Under Concepcion, the bank made loans to real estate speculators and businesses in the sugar, hemp, and coconut oil industries, often based on connections rather than sound financial assessments. This led to concerns about the bank's lending practices. When Archibald Harrison, an American director of the bank, investigated these concerns and discovered irregularities, Concepcion intervened by influencing the Philippine Legislature to cut off funding for the investigation, ultimately leading to Harrison's resignation. By the time of Concepcion's forced resignation in 1920, the PNB had invested P44.1 million on Filipino-owned sugar mills, mostly given to dominant planter families in Negros. Such planter families include the Yulos in Binalbagan, the Montillas in Isabela, the Lizareses in Talisay, and the Aranetas in Bago. In 1922, Francis Coates Jr., a special auditor for the PNB, stated that the bank had given a capitalization of "40 percent greater than normal" for these mills making it impossible for these borrowers to pay back their loans.

Concepcion also facilitated a capital transfer by using planters' haciendas as security for loans to undercapitalized Filipino milling firms, including a P2.2 million loan to Bacolod-Murcia Milling Company.

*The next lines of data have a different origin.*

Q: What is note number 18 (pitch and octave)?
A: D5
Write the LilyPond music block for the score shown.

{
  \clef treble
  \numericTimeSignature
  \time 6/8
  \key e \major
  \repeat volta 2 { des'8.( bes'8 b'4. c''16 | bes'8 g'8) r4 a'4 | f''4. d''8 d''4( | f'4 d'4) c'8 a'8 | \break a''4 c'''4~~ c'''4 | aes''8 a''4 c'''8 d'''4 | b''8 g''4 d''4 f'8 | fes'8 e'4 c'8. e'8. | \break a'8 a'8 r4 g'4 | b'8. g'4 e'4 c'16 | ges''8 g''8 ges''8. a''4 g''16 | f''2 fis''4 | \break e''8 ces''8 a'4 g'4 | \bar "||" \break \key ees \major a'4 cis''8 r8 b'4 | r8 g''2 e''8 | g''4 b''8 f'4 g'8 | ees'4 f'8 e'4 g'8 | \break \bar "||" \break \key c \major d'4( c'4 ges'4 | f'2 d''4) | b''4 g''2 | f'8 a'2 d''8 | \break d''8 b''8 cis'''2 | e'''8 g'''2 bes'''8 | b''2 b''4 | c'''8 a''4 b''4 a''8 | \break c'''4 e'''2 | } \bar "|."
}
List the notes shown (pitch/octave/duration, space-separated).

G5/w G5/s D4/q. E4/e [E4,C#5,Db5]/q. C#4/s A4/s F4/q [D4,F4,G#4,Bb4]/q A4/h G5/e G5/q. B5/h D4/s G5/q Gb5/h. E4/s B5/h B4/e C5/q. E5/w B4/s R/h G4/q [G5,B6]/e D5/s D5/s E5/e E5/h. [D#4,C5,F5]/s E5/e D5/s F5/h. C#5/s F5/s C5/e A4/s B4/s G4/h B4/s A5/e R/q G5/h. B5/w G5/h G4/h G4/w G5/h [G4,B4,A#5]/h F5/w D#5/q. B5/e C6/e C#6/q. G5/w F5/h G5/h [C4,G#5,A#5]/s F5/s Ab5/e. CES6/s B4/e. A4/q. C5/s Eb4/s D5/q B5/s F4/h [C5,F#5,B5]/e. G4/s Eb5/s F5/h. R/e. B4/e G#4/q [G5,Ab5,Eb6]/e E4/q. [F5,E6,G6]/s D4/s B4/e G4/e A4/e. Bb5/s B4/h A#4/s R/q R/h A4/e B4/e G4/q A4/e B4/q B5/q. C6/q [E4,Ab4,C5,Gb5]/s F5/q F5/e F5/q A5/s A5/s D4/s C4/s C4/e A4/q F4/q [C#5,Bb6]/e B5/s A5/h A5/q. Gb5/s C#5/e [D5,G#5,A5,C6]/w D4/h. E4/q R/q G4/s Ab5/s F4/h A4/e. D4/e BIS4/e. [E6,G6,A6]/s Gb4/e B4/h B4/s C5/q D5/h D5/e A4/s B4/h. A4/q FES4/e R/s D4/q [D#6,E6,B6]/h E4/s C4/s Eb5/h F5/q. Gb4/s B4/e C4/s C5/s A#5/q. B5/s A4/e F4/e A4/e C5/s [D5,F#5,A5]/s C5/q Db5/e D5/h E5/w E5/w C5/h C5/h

However, in 1920, he was tried and convicted of fraud. In July 1921, he was again arrested for corruption by American authorities. The Wood-Forbes report in 1921 went into detail about his past crimes and his incompetence as bank president. Due to the Wood-Forbes report, his reputation further decline. Shortly after his arrest, Senator Manuel L. Quezon, in a conversation with Army Chief of Staff Frank R. McCoy, said that the Philippine National Bank's disaster was "brought about by Osmeña's belief that Concepcion could manage the bank." House Speaker Sergio Osmeña supported Concepcion's candidacy as bank president. Quezon then emphasized that Osmeña was also responsible for the PNB.

On November 29, 1922, Concepcion was tried before the Philippine Supreme Court for his grave misconduct against the Filipino people, specifically for violating banking laws. He pleaded to the court that he acted in good faith but was deemed to be irrelevant due to public policy.

He was succeeded by Samuel Ferguson as bank president in 1920. Ferguson formerly served as the bank's vice-president.

==Legacy==
Despite being known as a revolutionary during the Philippine-American War, Concepcion's bank policies had a long-lasting impact in the Philippines up until the presidency of Ferdinand Marcos in the 1970s. By 1921-22, Concepcion's policies allocated 26% of the PNB's P167 million assets for low-interest, 20-year loans to Negros sugar mills. This created a lasting claim on PNB's resources, leading to significant funding for sugar over the years. In 1970, the PNB loaned P447.5 million for sugar, far more than its loans for rice (P130.4 million) and coconuts (P44.2 million), with Negros farms receiving much higher average crop loans than other regions such as Central Luzon and Pampanga since the 1930s. Acting secretary of finance, Vicente Singson Encarnacion, stated in the Tribune (1934) that "excessive attention was given to the development of the sugar industry while practically abandoning the other industries."